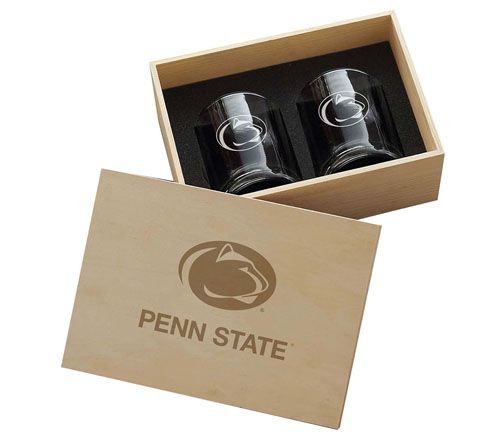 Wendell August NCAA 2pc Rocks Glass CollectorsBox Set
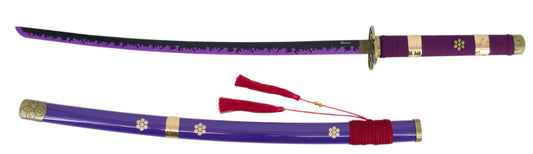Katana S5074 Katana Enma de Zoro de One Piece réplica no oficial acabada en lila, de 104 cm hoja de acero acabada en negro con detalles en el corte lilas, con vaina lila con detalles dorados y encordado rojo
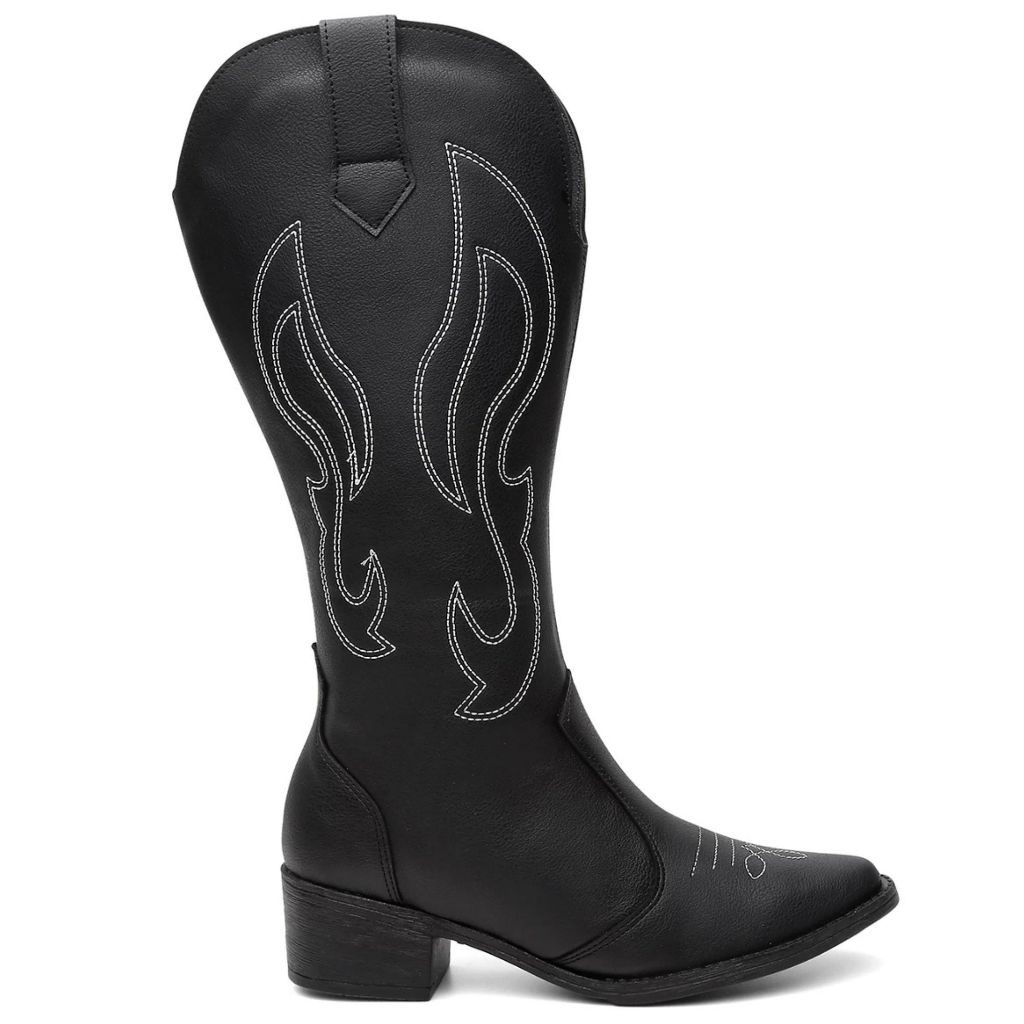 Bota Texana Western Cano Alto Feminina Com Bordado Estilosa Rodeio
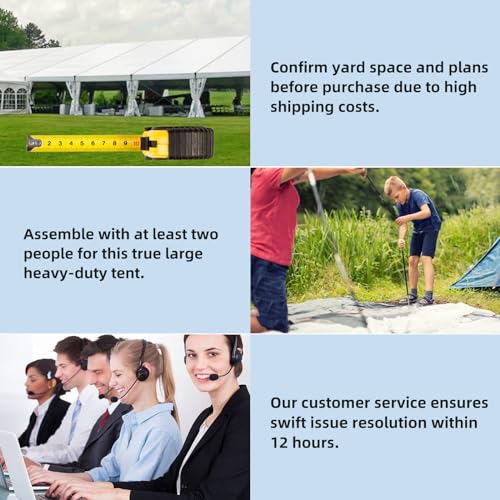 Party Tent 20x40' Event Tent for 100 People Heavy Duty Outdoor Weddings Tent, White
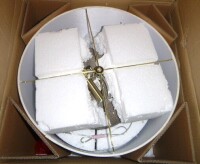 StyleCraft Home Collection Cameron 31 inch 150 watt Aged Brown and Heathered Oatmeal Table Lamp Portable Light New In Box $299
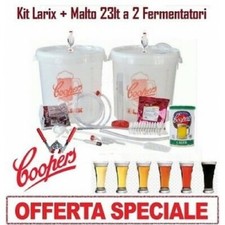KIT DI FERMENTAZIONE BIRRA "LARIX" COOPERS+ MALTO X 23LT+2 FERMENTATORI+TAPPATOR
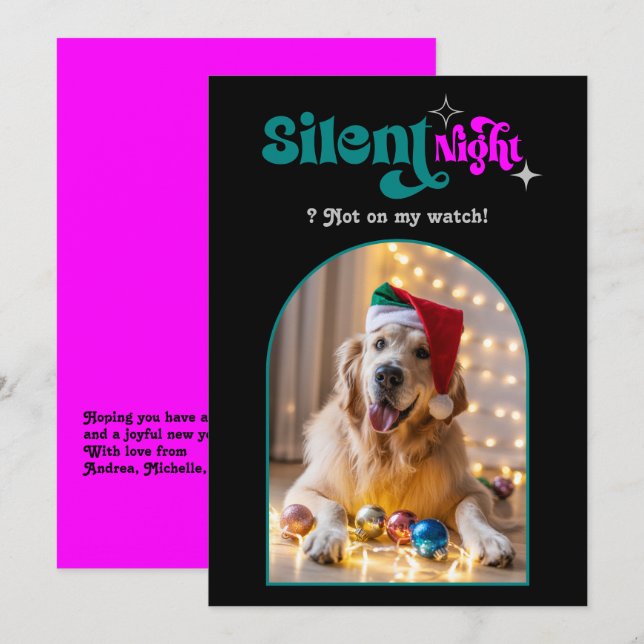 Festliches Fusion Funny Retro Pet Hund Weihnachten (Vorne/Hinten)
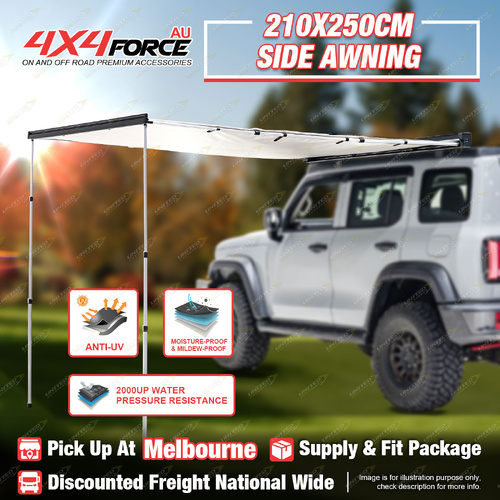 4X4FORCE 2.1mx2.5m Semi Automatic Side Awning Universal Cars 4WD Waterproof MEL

- - - - -

--- What you should do ---
Up to and including the line that holds "KIT DI FERMENTAZIONE", restate word for word each line of the records from their start, and only those lines, leaving out the pictures.

--- Result ---
 Wendell August NCAA 2pc Rocks Glass CollectorsBox Set
Katana S5074 Katana Enma de Zoro de One Piece réplica no oficial acabada en lila, de 104 cm hoja de acero acabada en negro con detalles en el corte lilas, con vaina lila con detalles dorados y encordado rojo
 Bota Texana Western Cano Alto Feminina Com Bordado Estilosa Rodeio
 Party Tent 20x40' Event Tent for 100 People Heavy Duty Outdoor Weddings Tent, White
 StyleCraft Home Collection Cameron 31 inch 150 watt Aged Brown and Heathered Oatmeal Table Lamp Portable Light New In Box $299
KIT DI FERMENTAZIONE BIRRA "LARIX" COOPERS+ MALTO X 23LT+2 FERMENTATORI+TAPPATOR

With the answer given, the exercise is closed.